%%
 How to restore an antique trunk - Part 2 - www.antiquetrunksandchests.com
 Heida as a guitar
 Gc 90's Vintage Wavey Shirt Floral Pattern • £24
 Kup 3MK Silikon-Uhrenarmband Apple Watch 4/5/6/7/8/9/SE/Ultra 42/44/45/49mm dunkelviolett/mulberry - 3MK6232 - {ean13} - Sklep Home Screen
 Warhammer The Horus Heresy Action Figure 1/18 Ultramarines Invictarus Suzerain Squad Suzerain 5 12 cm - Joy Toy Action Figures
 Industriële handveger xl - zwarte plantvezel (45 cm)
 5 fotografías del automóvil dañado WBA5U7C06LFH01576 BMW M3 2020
%%
%%
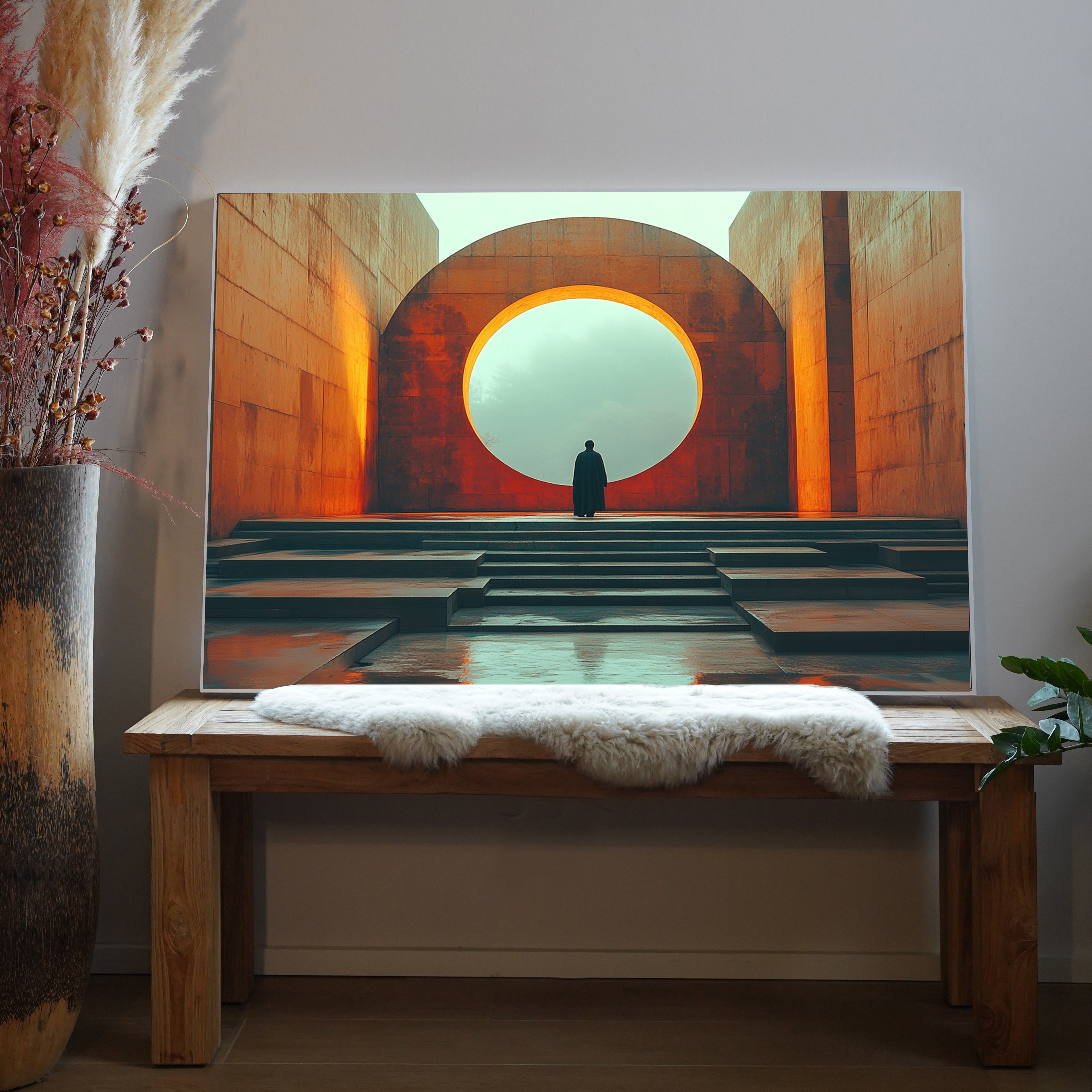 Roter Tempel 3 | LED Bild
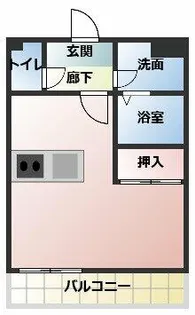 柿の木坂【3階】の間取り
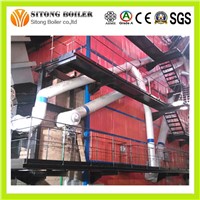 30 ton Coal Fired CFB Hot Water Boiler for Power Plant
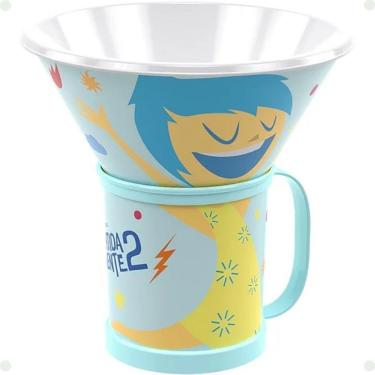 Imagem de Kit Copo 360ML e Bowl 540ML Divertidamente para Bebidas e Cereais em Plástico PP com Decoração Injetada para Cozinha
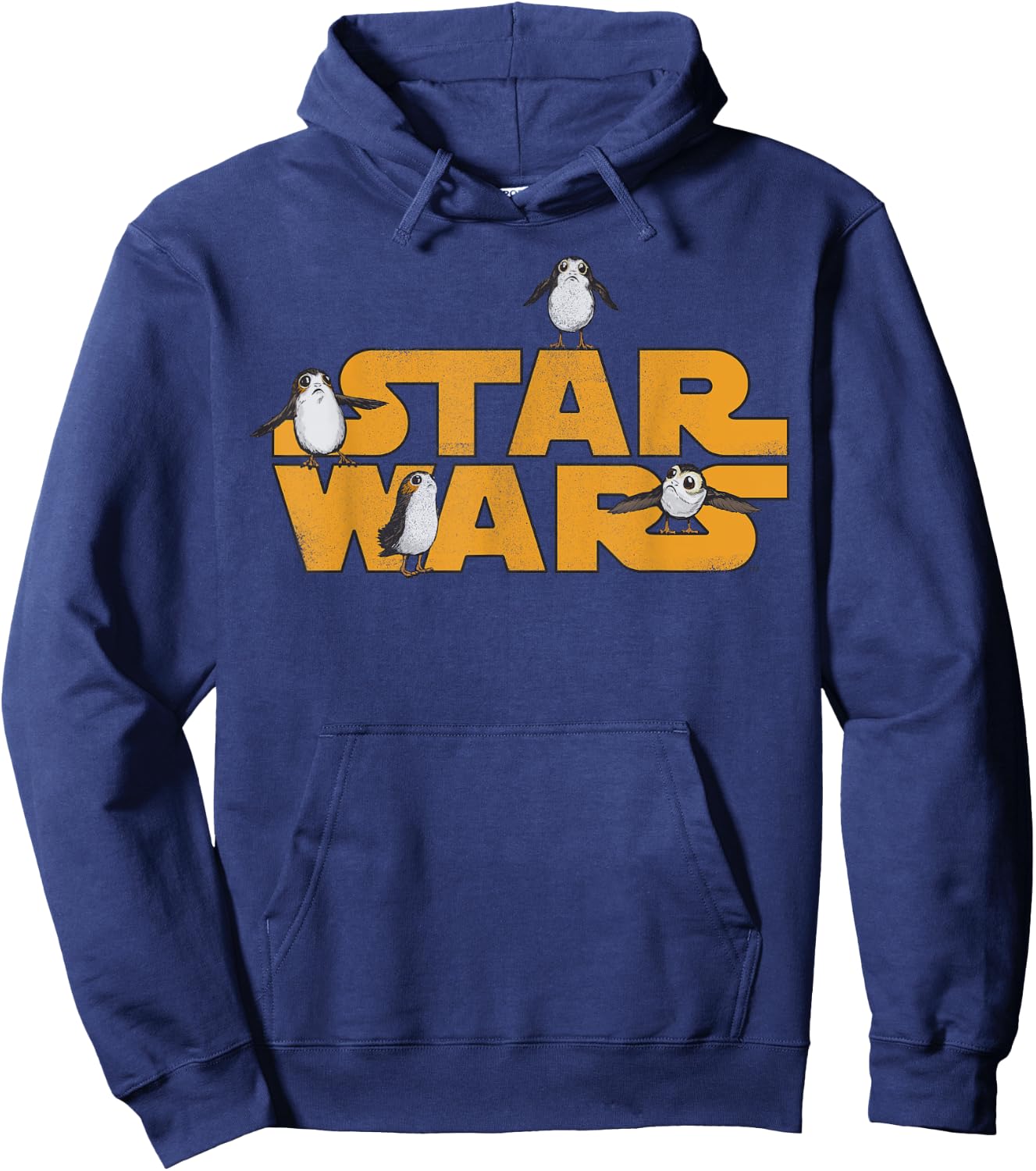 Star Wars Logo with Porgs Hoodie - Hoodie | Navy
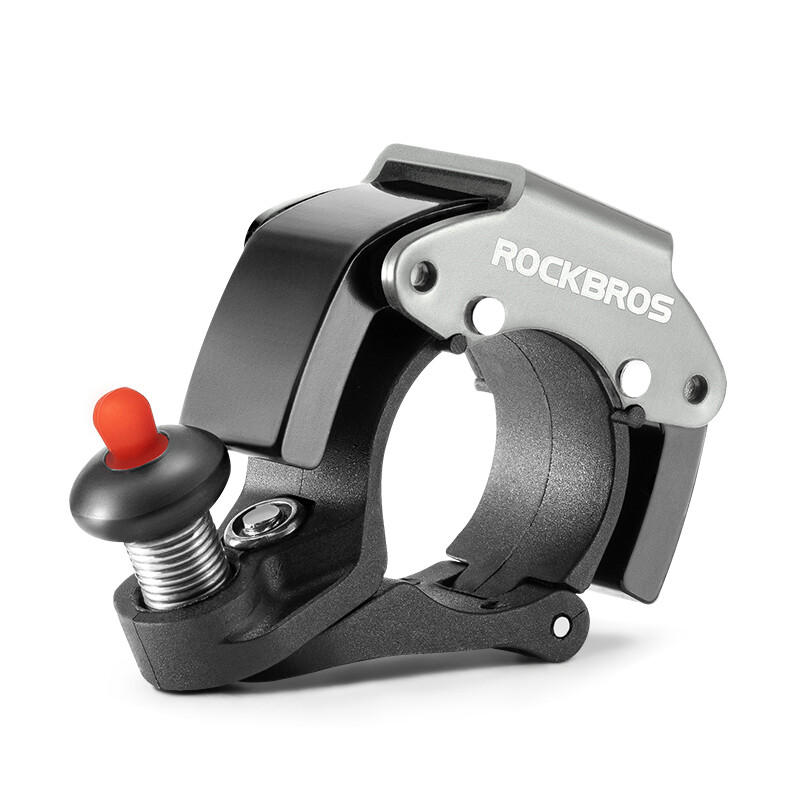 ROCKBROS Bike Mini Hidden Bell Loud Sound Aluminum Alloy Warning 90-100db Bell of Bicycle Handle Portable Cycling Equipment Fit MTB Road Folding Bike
%%
%%
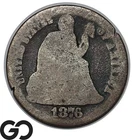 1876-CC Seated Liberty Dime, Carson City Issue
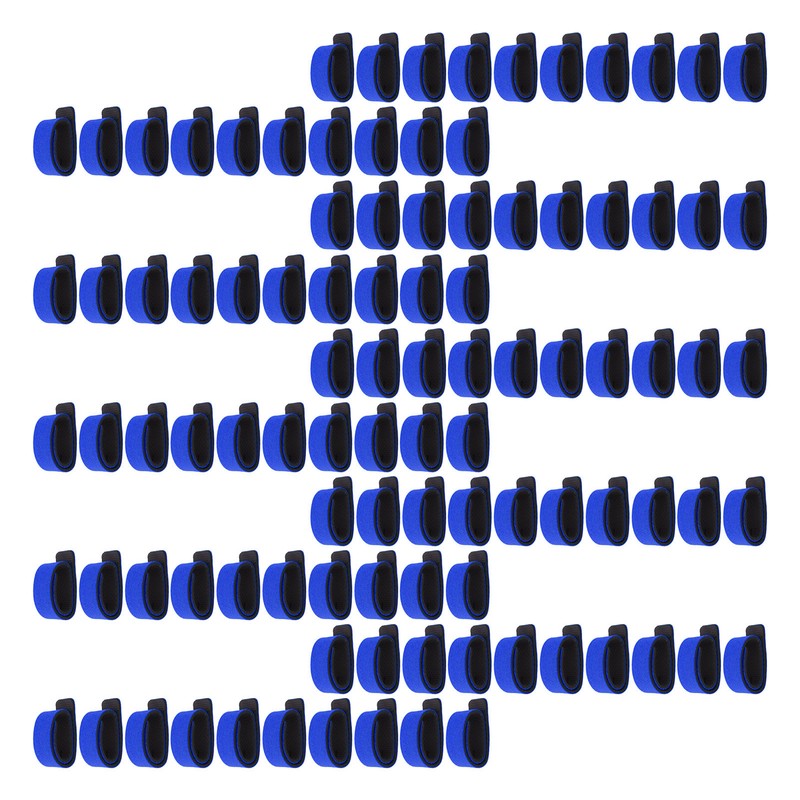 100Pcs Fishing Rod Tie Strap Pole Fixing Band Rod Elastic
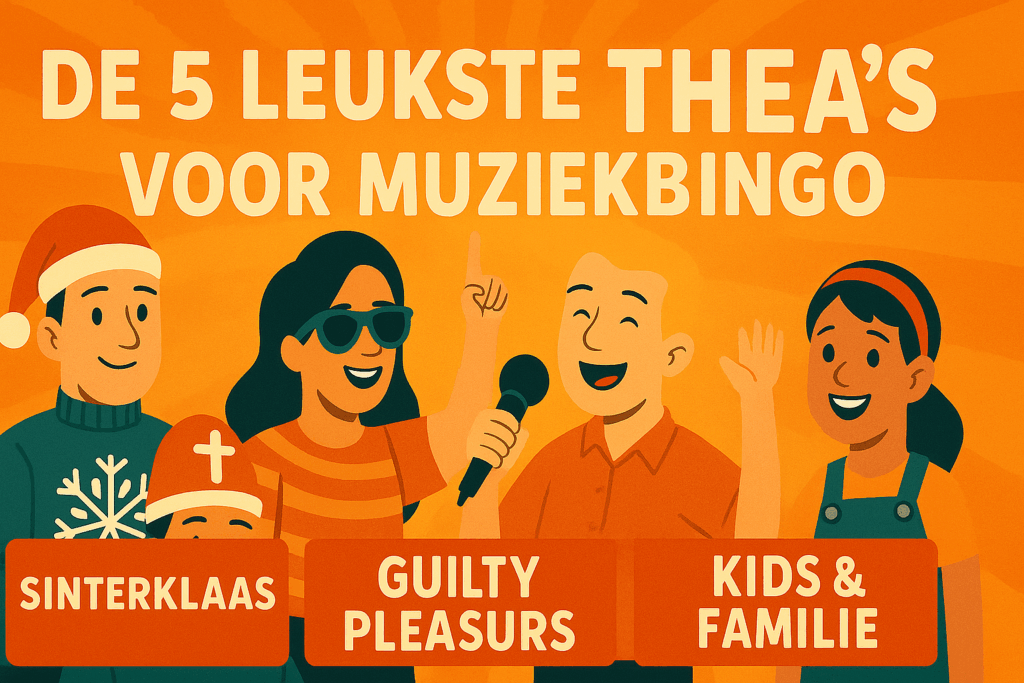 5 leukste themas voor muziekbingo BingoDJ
%%
■ **WHAT YOU SHOULD DO**
From the line containing "Warhammer The Horus" down to the line containing "5 fotografías del" in the material above, reproduce every line exactly, including the two end lines.

■ **ANSWER TO THIS TASK**
 Warhammer The Horus Heresy Action Figure 1/18 Ultramarines Invictarus Suzerain Squad Suzerain 5 12 cm - Joy Toy Action Figures
 Industriële handveger xl - zwarte plantvezel (45 cm)
 5 fotografías del automóvil dañado WBA5U7C06LFH01576 BMW M3 2020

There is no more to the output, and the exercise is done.